Test; 5 yıl boyunca 7 bin hasta üzerinde denendi ve başarılı sonuçlar elde edildi. Yapılan çalışmada cerrahi uygulanan erken evre meme kanserli 7 bin hastanın yüzde 64’ünde düşük tekrarlama oranı saptandı ve bu kişilerde kemoterapinin gereksiz olduğu gözlemlendi. Bu sebeple onkologlar; ülkemizde de “Erken evre, hormona duyarlı ve koltuk altı tutulumu olmayan ya da 1-3 lenf bezi tutulumu olan meme kanserli hastalara” nüks testini tavsiye ediyor. Ülkemizde de bazı onkologlarca uygulanan bu test sayesinde; erken evredeki hastaların sonuçları Hollanda’da değerlendirilerek, ameliyat sonrasındaki süreç kemoterapi uygulanmadan da sürdürülebiliyor.
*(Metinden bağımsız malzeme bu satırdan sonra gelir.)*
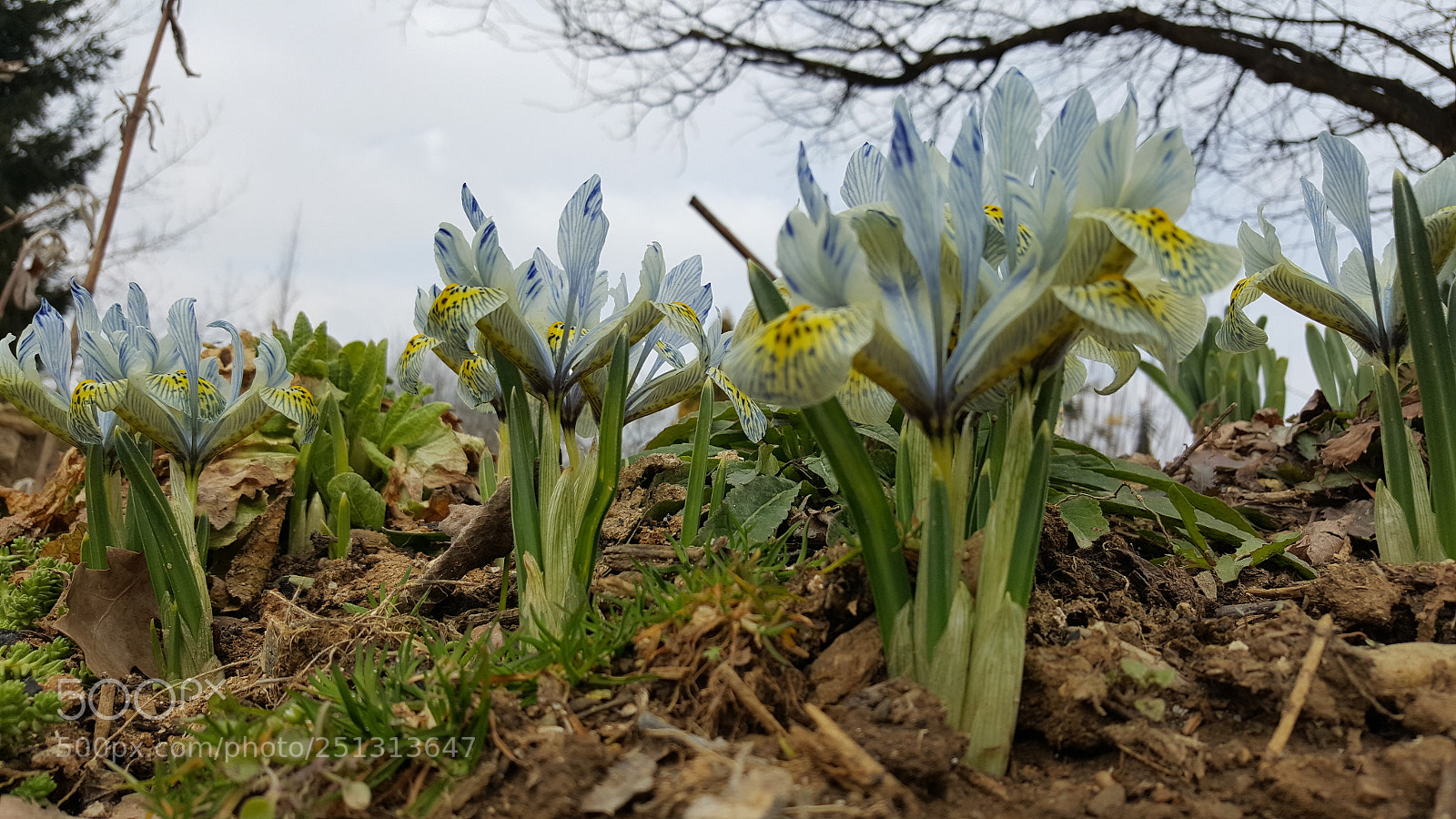 Samsung GALAXY S6 edge sample photo. Untitled photography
AİLEDE KANSER OLMASI, RİSKİ ARTIRIYOR
Meme kanserinde en sık karşılaşılan belirti, ağrılı veya ağrısız ele gelen kitlelerdir. Bunun dışında; meme başında kanlı veya şeffaf akıntı, içeri doğru çekilme, derisinde soyulma, kabuklaşma, meme cildinde yara, portakal kabuğu görünümlü benzeri ödem, şekil bozukluğu ya da asimetride farklılıklar diğer önemli belirtiler arasında yerini alıyor.
Dünyada her yıl 1 milyon 700 binden fazla kadını etkileyen meme kanseri, ülkemizde her 8 kadından birini tehdit ediyor. Aileden geçen bozuk genler; obezite, alkol-sigara, çocuk doğurmamış olmak, 55 yaşından sonra menopoza girmek meme kanserine yakalanma riskini artırıyor.
Genlerin yapıtaşı olan DNA molekülünde meydana gelen değişiklikler, aralarında kanser de olmak üzere birçok hastalığa sebep oluyor. Meme kanseri, genetik mutasyonların en belirgin olduğu kanser türlerinden biri. Öyle ki, en bilinen gen bozukluklarından BRCA1 ve BRCA2 geni mutasyonu taşıyan bir kadının meme kanserine yakalanma riski yüzde 10’lardan yüzde 70’lere çıkıyor.
Her ne kadar hatırı sayılır sayıdaki meme kanseri hastasının tedavi planında KT kullanımını engelleyerek, kökten bir değişiklik yapma potansiyeline sahip olsa da; 21-gen testinin yaklaşık 12.500TL’lik maliyeti var. Ortaya koyduğu sonuçların mevcut kılavuzlarla birlikte hâlihazırda oluşturduğu iki başlı durum nedeniyle, önümüzdeki günlerde konu üzerinde yoğun tartışmalara ve eleştirilere maruz kalması bekleniyor.